The sets are arranged in descending order according to the matching dominance indexes to obtain the text matching sequence of the sets, and the alternative text data contained in the sets with larger matching dominance often contains more reliable, more relevant and more valuable data, so that the alternative text data in the sets with larger matching dominance can be subjected to similarity matching preferentially, the number of texts needing to be matched can be reduced, the matching efficiency is improved, the consumption of time and resources is reduced, meanwhile, more similar text data can be found in a more rapid focusing manner, and the matching precision and accuracy are improved.

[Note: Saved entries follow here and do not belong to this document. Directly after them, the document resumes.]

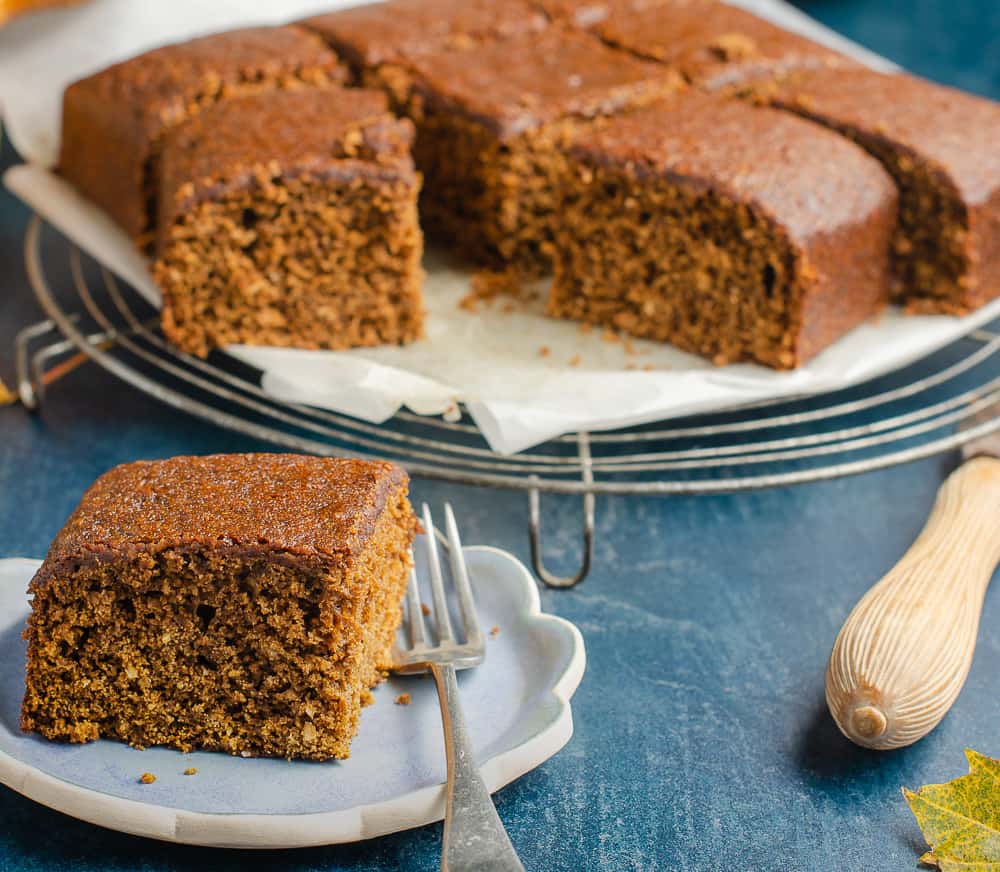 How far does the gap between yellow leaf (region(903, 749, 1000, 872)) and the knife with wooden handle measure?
0.50ft

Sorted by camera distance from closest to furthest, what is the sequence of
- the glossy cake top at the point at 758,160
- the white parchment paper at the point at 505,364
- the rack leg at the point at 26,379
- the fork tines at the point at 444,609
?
1. the fork tines at the point at 444,609
2. the white parchment paper at the point at 505,364
3. the glossy cake top at the point at 758,160
4. the rack leg at the point at 26,379

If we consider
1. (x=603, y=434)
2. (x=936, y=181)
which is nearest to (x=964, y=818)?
(x=603, y=434)

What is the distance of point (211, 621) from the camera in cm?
214

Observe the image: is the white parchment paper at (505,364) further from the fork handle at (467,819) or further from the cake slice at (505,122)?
the fork handle at (467,819)

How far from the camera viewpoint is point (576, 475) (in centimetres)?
306

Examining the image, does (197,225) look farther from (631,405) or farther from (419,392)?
(631,405)

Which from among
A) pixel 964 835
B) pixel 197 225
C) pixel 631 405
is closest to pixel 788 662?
pixel 964 835

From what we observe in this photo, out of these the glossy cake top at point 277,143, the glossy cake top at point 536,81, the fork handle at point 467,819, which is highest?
the glossy cake top at point 277,143

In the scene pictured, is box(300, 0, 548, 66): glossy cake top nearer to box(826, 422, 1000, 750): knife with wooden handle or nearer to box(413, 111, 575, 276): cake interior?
box(413, 111, 575, 276): cake interior

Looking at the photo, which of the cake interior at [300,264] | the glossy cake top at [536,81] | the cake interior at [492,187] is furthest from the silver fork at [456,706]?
the glossy cake top at [536,81]

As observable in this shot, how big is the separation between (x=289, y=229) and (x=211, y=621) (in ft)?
4.48

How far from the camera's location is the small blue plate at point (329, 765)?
1.93 meters

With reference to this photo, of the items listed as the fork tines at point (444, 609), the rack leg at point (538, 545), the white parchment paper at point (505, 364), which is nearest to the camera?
the fork tines at point (444, 609)

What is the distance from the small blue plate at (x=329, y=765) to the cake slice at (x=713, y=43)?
6.84 ft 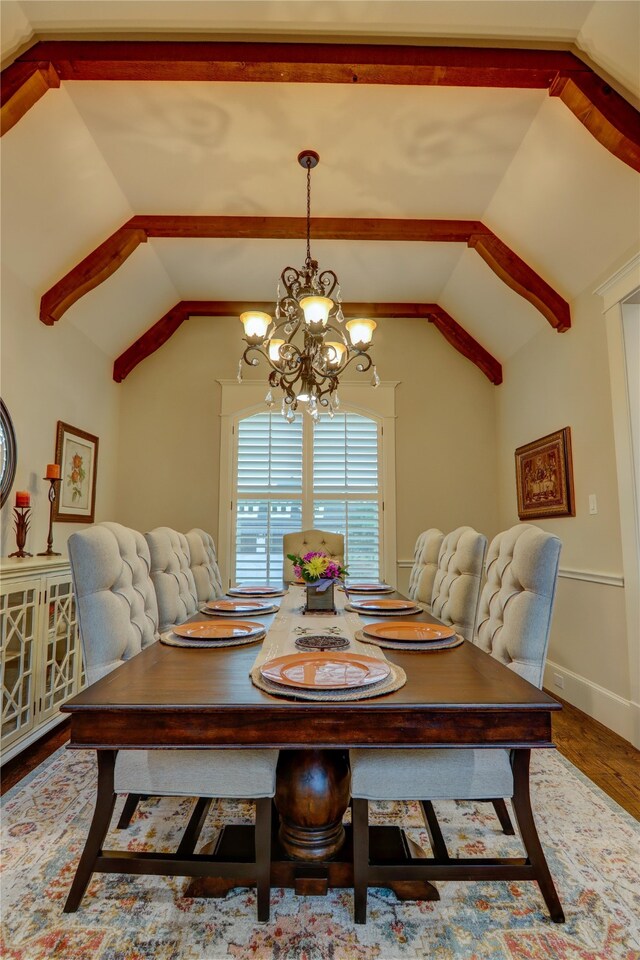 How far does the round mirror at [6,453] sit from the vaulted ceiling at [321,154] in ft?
2.95

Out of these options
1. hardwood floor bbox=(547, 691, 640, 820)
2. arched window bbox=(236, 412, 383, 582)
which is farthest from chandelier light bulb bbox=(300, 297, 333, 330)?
arched window bbox=(236, 412, 383, 582)

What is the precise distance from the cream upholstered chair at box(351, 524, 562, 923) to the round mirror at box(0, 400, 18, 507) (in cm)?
256

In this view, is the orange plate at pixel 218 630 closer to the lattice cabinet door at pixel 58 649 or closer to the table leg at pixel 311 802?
the table leg at pixel 311 802

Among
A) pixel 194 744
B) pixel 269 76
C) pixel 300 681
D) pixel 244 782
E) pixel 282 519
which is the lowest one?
pixel 244 782

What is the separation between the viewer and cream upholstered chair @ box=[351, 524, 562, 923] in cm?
128

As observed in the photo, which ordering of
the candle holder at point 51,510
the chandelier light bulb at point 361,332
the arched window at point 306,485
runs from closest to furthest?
the chandelier light bulb at point 361,332 < the candle holder at point 51,510 < the arched window at point 306,485

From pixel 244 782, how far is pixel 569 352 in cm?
323

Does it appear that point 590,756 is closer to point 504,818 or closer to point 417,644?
point 504,818

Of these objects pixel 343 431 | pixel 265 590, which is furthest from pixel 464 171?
pixel 265 590

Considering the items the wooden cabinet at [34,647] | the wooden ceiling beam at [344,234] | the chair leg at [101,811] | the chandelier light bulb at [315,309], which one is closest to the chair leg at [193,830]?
the chair leg at [101,811]

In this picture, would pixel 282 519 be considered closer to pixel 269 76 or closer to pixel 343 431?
pixel 343 431

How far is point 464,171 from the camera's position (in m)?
3.00

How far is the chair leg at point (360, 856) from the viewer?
49.9 inches

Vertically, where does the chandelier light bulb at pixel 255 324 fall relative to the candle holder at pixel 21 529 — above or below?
above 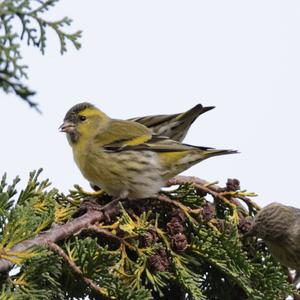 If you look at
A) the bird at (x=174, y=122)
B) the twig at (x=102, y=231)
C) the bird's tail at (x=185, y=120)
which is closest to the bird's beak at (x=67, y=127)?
the bird at (x=174, y=122)

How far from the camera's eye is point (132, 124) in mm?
5906

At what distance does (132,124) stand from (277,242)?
159 centimetres

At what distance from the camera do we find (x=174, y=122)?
627 centimetres

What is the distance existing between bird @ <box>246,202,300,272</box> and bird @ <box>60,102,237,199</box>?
629 millimetres

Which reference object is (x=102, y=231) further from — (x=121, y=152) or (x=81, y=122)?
(x=81, y=122)

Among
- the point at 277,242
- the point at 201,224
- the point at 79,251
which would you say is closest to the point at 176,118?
the point at 277,242

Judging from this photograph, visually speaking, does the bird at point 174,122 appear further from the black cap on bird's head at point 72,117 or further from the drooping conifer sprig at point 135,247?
the drooping conifer sprig at point 135,247

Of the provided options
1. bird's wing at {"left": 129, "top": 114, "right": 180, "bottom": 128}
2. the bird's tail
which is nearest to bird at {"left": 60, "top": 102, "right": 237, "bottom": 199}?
bird's wing at {"left": 129, "top": 114, "right": 180, "bottom": 128}

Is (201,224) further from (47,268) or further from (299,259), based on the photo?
(299,259)

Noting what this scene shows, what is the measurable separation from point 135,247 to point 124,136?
2269 millimetres

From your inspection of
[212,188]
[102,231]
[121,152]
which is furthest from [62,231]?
[121,152]

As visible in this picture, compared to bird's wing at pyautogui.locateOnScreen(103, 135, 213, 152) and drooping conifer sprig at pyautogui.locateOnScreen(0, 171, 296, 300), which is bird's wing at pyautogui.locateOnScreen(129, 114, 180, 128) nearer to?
bird's wing at pyautogui.locateOnScreen(103, 135, 213, 152)

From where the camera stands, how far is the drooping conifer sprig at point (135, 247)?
2854mm

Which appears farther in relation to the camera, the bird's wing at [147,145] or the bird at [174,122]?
the bird at [174,122] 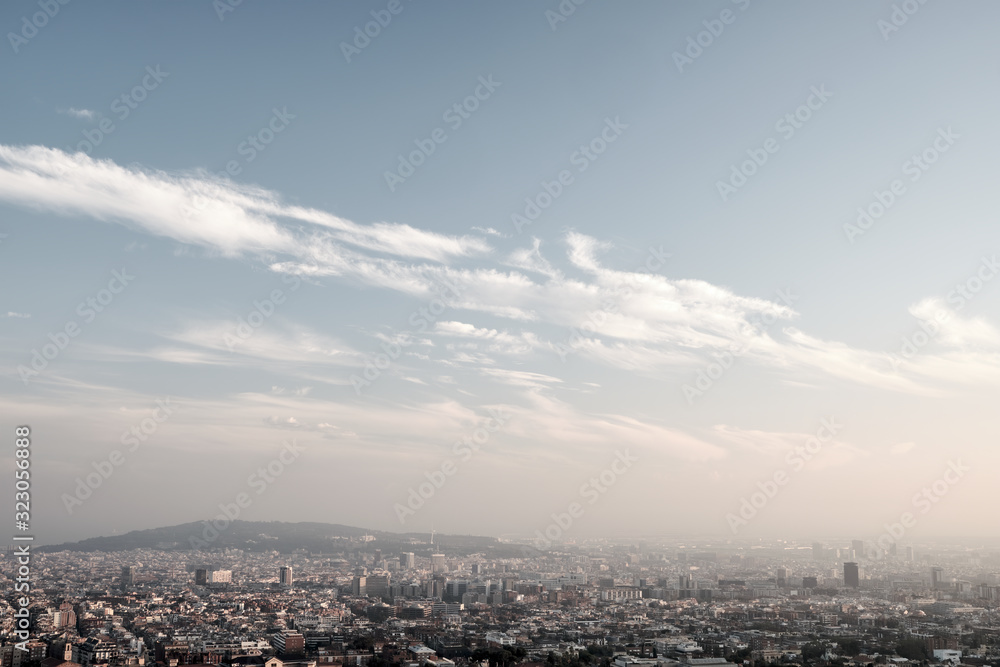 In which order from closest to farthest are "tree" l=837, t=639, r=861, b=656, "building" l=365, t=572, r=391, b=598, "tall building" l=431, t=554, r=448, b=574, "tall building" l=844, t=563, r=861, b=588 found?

S6, carrying out hierarchical type analysis on the corresponding candidate text data in each group of sets to obtain hierarchical types corresponding to each candidate text data, wherein the hierarchical types comprise word levels, sentence levels, document levels and others, and the specific analysis is as follows: counting the number of the word segments corresponding to each candidate text data in each group set, wherein the word segments refer to word segments after stop words are removed, and performing word segment coverage calculation, specifically, the maximum number of the effective word segments divided by each text data in a search platform association knowledge base can be taken as the number of reference word segments, and the ratio calculation is performed on the number of the word segments corresponding to the candidate text data and the number of the reference word segments to obtain the word segment coverage.

It is to be added that when the sentence pattern structure in the text data is identified, whether the sentence mark, question mark, exclamation mark and other common sentence terminal symbols exist in the text is not simply observed as the identification basis, but some contents are considered to be not provided with sentence terminal symbols but possibly become a sentence pattern, so that according to the grammar rules followed by the sentence pattern structure, the main predicate structure and the use of modifier are included, and the main predicate generally has corresponding part of speech representation, such as name and pronoun corresponding to the main predicate, and the part of speech corresponding to the predicate is usually a verb, thereby observing the part of speech relationship between the words in the text, judging whether the grammar rules are met, realizing the comprehensive identification of the sentence pattern structure, and greatly avoiding omission. Wherein the sentence pattern coverage is calculated by the same principle as the word segmentation coverage.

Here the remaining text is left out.